- [AIM OF THE EXERCISE] Your copy should hold exactly the lines from the one containing "Vintage Cameo Brooch" through the last line of the entries, and no pictures.

─── INPUT RECORDS

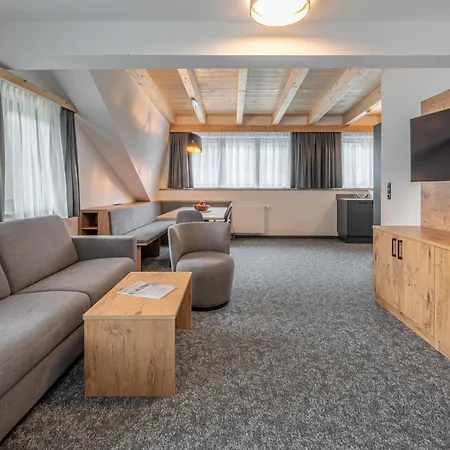 奥特凯撒酒店 招待所 3*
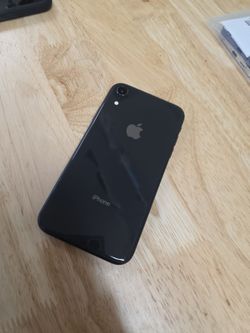 Iphone xr....64gb.  Unlock any sim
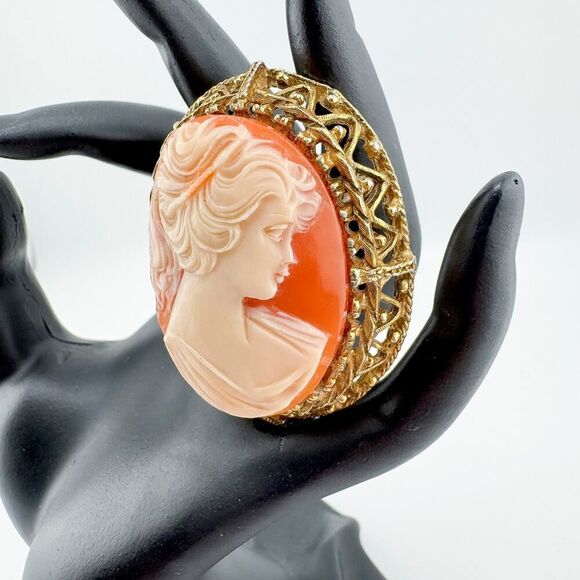 Vintage Cameo Brooch Victorian Elegance Timeless Large Chunky Goth Retro - Picture 5 of 12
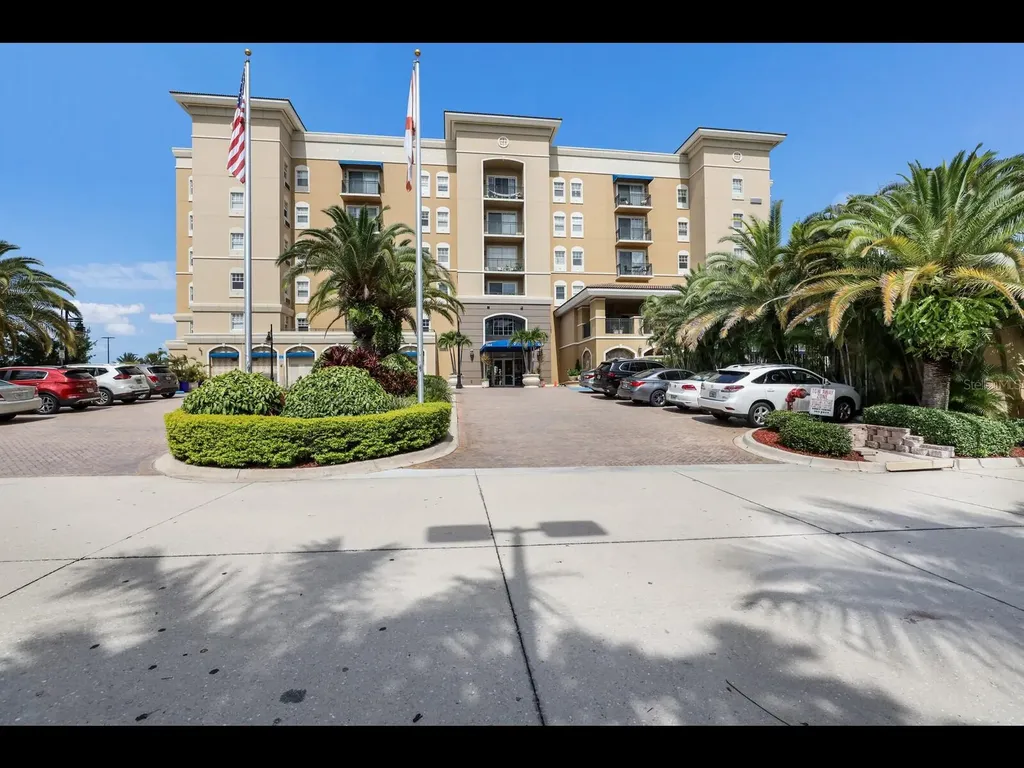 1064 N Tamiami Trail Sarasota FL 34236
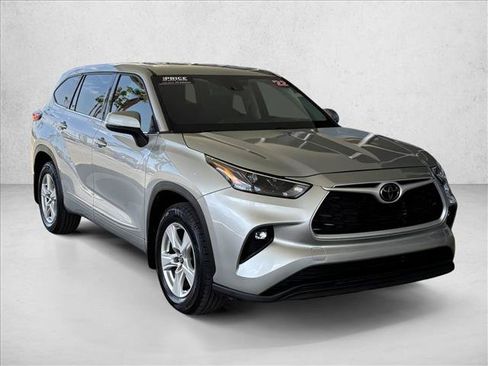 Used 2022 Toyota Highlander LE AWD/4WD image 5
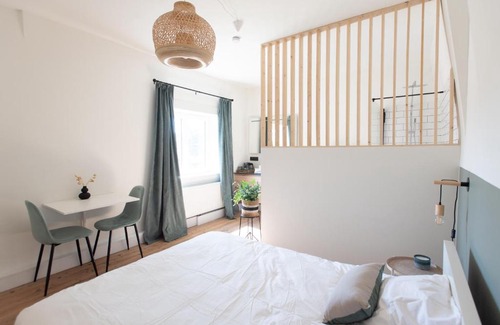 Assebroek House | Cosy Guestroom Bruges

──────

- [ANSWER TO THIS EXERCISE]
 Vintage Cameo Brooch Victorian Elegance Timeless Large Chunky Goth Retro - Picture 5 of 12
 1064 N Tamiami Trail Sarasota FL 34236
 Used 2022 Toyota Highlander LE AWD/4WD image 5
 Assebroek House | Cosy Guestroom Bruges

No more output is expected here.